To elaborate upon that answer, normally when humans look with their eyes they see the visible spectrum and therefore we cannot see any more or less frequency than that, this therefore results in us either not being able to see it in its true form. Now, consider wearing an infrared camera to our eyes, then we would be able to detect any sort of black-body radiation that is too weak to detect with our eyes.

That said we can now say at temperatures (getting higher), black bodies glow with increasing intensity and colors that range from dull red to blindingly brilliant blue-white as the temperature increases. Or anything that has any temperature glow some black-body

Now, let us assume we do have such a material that can never emit light at all, then using our first statement we can say it must not have any energy of heat in side it, this would mean that the object is literally in absolute zero temperature which is impossible as Heisenberg's uncertainty principle, which says the more precisely we know a particle's speed, the less we know about its position, and vice versa.
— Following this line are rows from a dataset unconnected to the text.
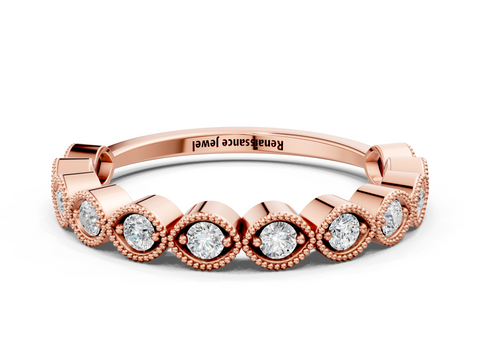 Rose gold Milgrain Marquise Diamond Eternity Band with Bezel Setting
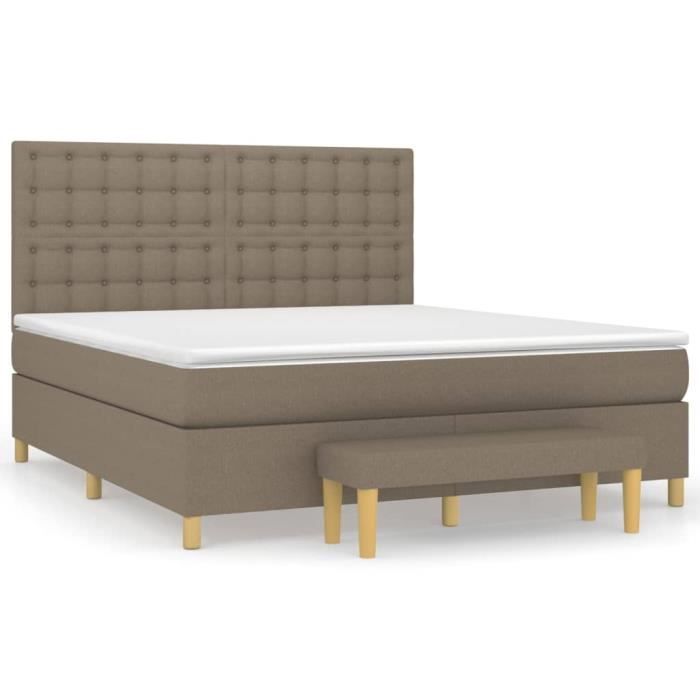 3137489 vidaXL Lit à sommier tapissier avec matelas Taupe 160x200 cm Tissu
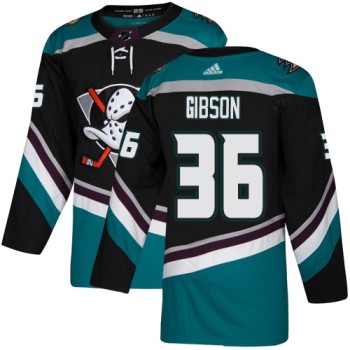 Men's Anaheim Ducks #36 John Gibson Black/Teal Stitched NHL Jersey Men's Anaheim Ducks #36 John Gibson Black/Teal Stitched NHL Jersey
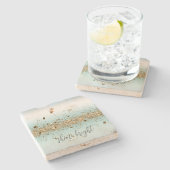 ビーチアクアブルーグラデーション金ゴールドグリッジスパークル ストーンコースター (横)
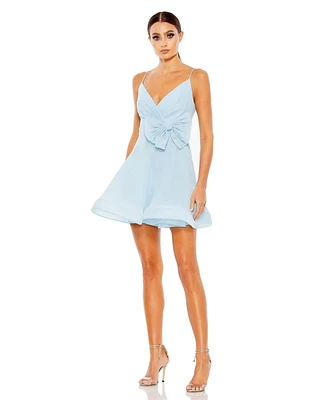 Women's Faux Wrap Bow Detail Flowy Mini Dress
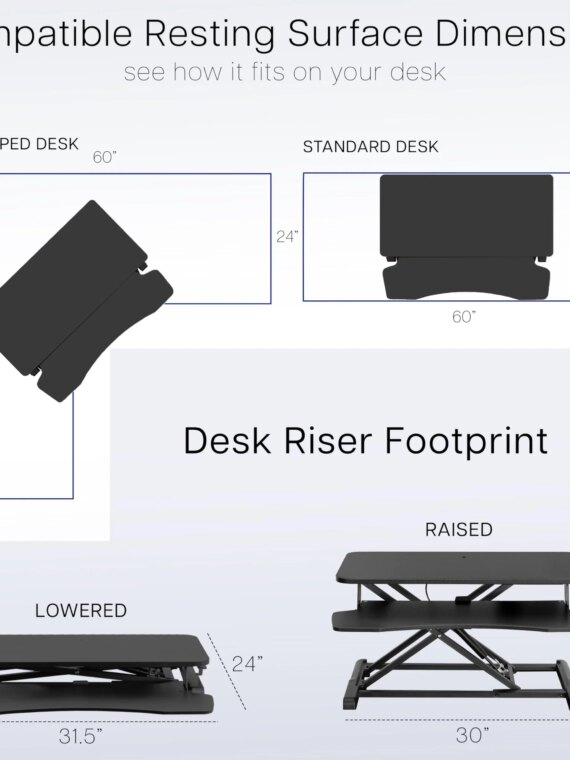 VIVO 32" Desk Converter for Dual Monitors & Laptop, Adjustable Standing Workstation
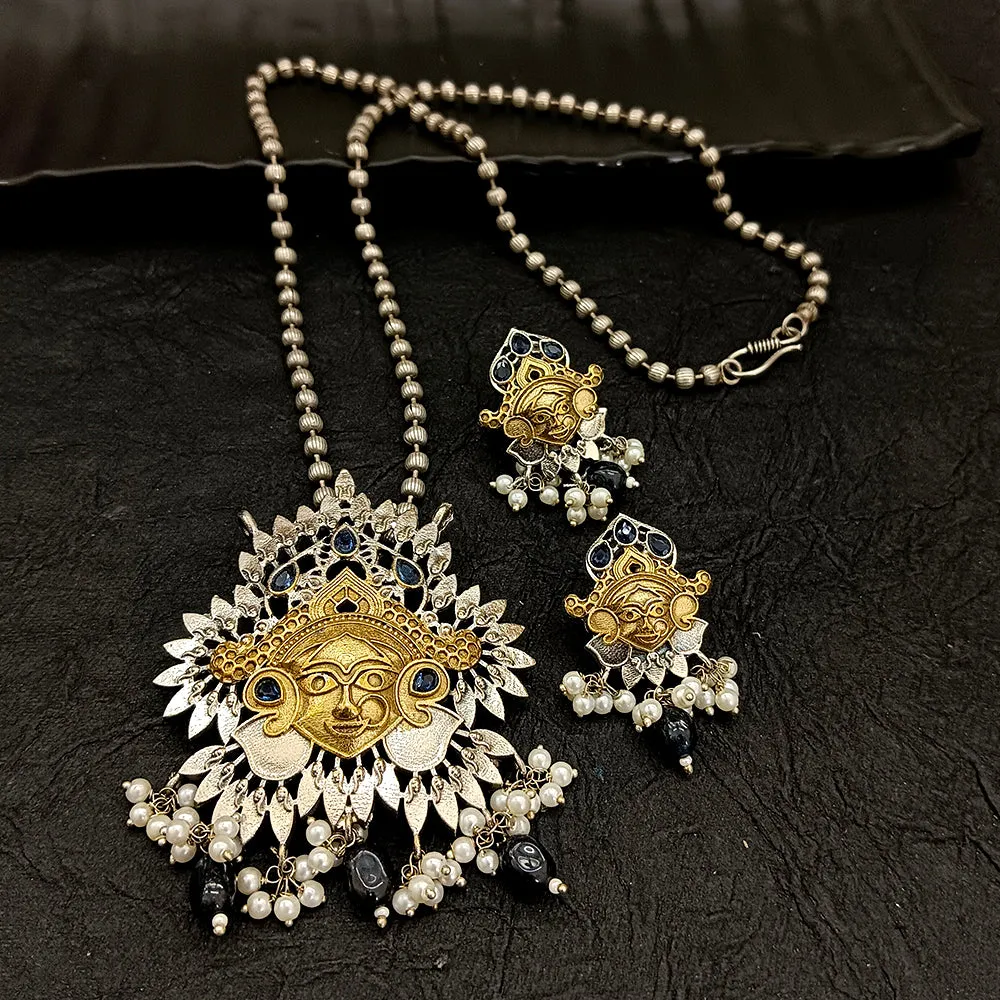 Bhavi Jewel 2 Tone  Plated  Temple And Pearl Necklace Set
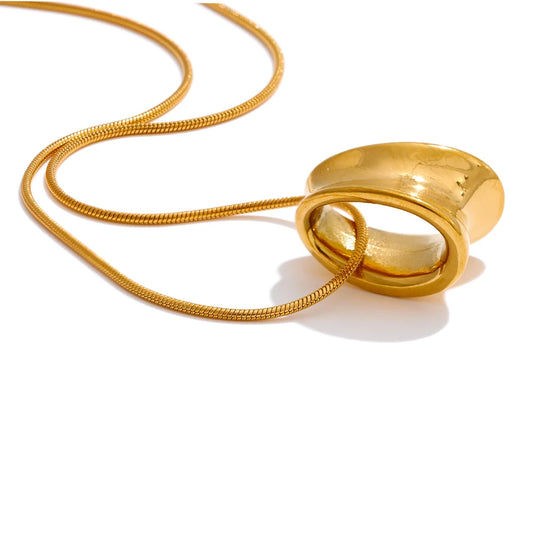 Collier pendentif géométrique femme – Chaîne amovible acier inoxydable doré & argenté – Bijoux créatifs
If you know your atoms are inside your experiment and their respectful masses, there must be some uncertainty in their momentum therefore now if we refer back to the equation of momentum:

$\vec{p} = mv$

we can say since we know the mass of the particles in our experiment, we must conclude it must have some velocity, but since any high-school student will learn temperature is an macroscopic feature of the average velocities of the particles in side it, we must conclude that that it cannot be absolute zero temperature and since we have said previously anything with a temperate environment must also emit black-body radiation. That said we can never reach absolute zero due to quantum mechanical effects that come into play at those temperatures.

As for black-holes, even those are hypothesized to emit very little black-body radiation dubbed hawking radiation after the world-re-known physicist Stephen Hawking, who hypothesized this effect, although not experimentally verified or any observation made pertaining to this quantum effect, its expected to leak our very small energy:

$$ P =\hbar c^2/15360\pi G^2M^2 = 9.004 * 10^{-29} $$

where $M$ which is equal to $1.98855\pm 0.00025 * 10^{30}$ (mass of a solar mass).

Not to mention, black holes are not really an material just an extreme curvature of space-time which results in an lack of light from its event horizon.

Finally, if an object even still managed to get to absolute zero (which is impossible as I have concluded in previous statements) it would then start to violate laws of thermodynamics, therefore its impossible to make such a machine.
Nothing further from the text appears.